Facebook generated $1.7 billion in ad revenue last year because of it’s targeting capabilities. But big brands like P&G still see TV advertising as the most effective medium for reaching a large swath of audiences. They doesn’t always mean TV watchers want to see all the ads. As cord-cutting increases along with ad blocking, and more networks diversify the way they deliver content, the pursuit of addressable advertising may finally arrive to TV by way of digital means, not cable. But the story is long from over. Set-top box makers like Apple also want a piece of the advertising pie, and those negotiations have a ways to go.
A+E, one of two networks (Tubi TV being the other) partnering with Facebook on the new Audience ad voyage, told Recode, “The OTT/CTV space is expanding rapidly amongst content viewers, however the targetability for marketers and programmers alike is lagging behind.
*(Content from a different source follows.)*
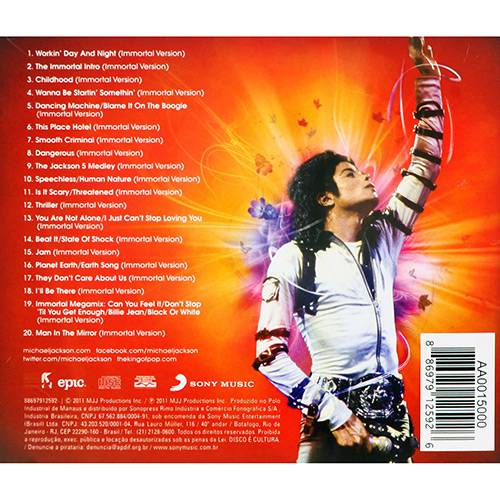 Tamanhos, Medidas e Dimensões do produto CD Michael Jackson - Immortal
The Facebook project is the type of progressive thinking to which A+E Networks is incredibly committed.”
In Other Live Streaming News...
Netflix Set to Go Offline
Chief Content Officer Ted Sarandos stated a potential change in their content access policy, in at least some countries where broadband speeds are lagging (although some parts of the states could qualify as well). Mainly: enabling users to download contact versus streaming-only, especially since Amazon offers offline access for their Prime Video catalog. A competitor that's expected to continue expanding internationally in the way that Netflix did earlier this year. "Investors should hope he's serious," stated Investopedia.
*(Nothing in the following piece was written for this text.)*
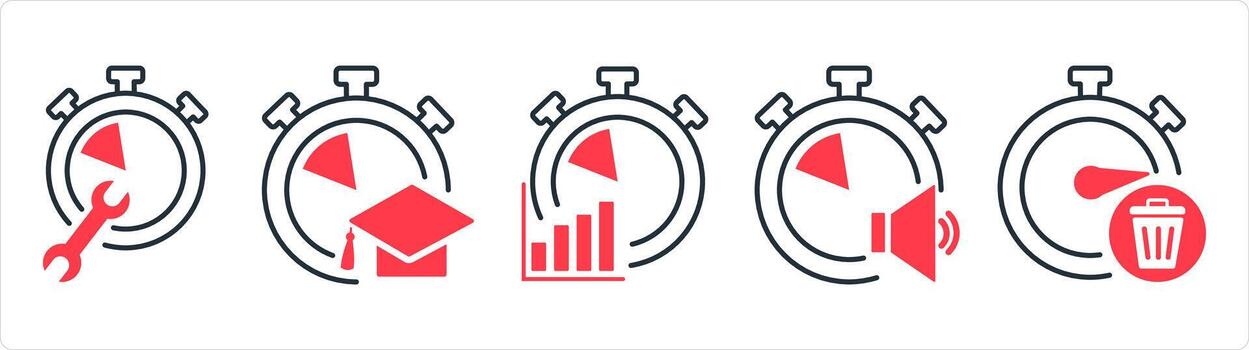 A set of 5 business icons as time settings, study time, business management in red line color vector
"In those countries they have adapted their behaviors to be much more of a downloading culture. So in those emerging territories, [offline access] starts to become a little more interesting," Sarandos told CNBC.
Live.ly is Proving That Short-Form Video is Far From Dead and Is Making Money
“When I go live on Facebook, it’s like 700 people. I have never seen a live streaming platform where you can get 100,000 people watching at once,” YouTube star Bart Baker told Variety about his stardom on live streaming app, Live.ly. It’s not just thousands of viewers that Live.ly attracts for content makers, it’s thousands of dollars people like Baker are making through fan donations, from $.05 to $50 a pop, with Baker himself earning upwards of $30,000 to date from his 3.3 million viewers.
Ariana Grande, Selena Gomez, and Gwen Stefani are also on Live.ly, adding power to the viablity of the platform. Although according to Variety, "It’s possible the excitement over Musical.ly and Live.ly will wear off or that the platform will fail to grow beyond its core base of teen and young-adult females."
China’s Internet Regulators Release Controversial New Rules on Live Streaming
The Cyberspace Administration of China (CAC) has targeted the country’s live streaming industry with new restrictions on content it considers to be “threatening to social order or the country's security faces punishment,” according to CNBC.
The focus is on user-generated live streaming content where “younger Chinese population were being exposed to damaging activity such as pornography and terrorism.” At the same time, critics see the new rules going into effect in December will favor established live streaming entities, ones which have a history of cooperating with the government, while making things more difficult for smaller companies to compete.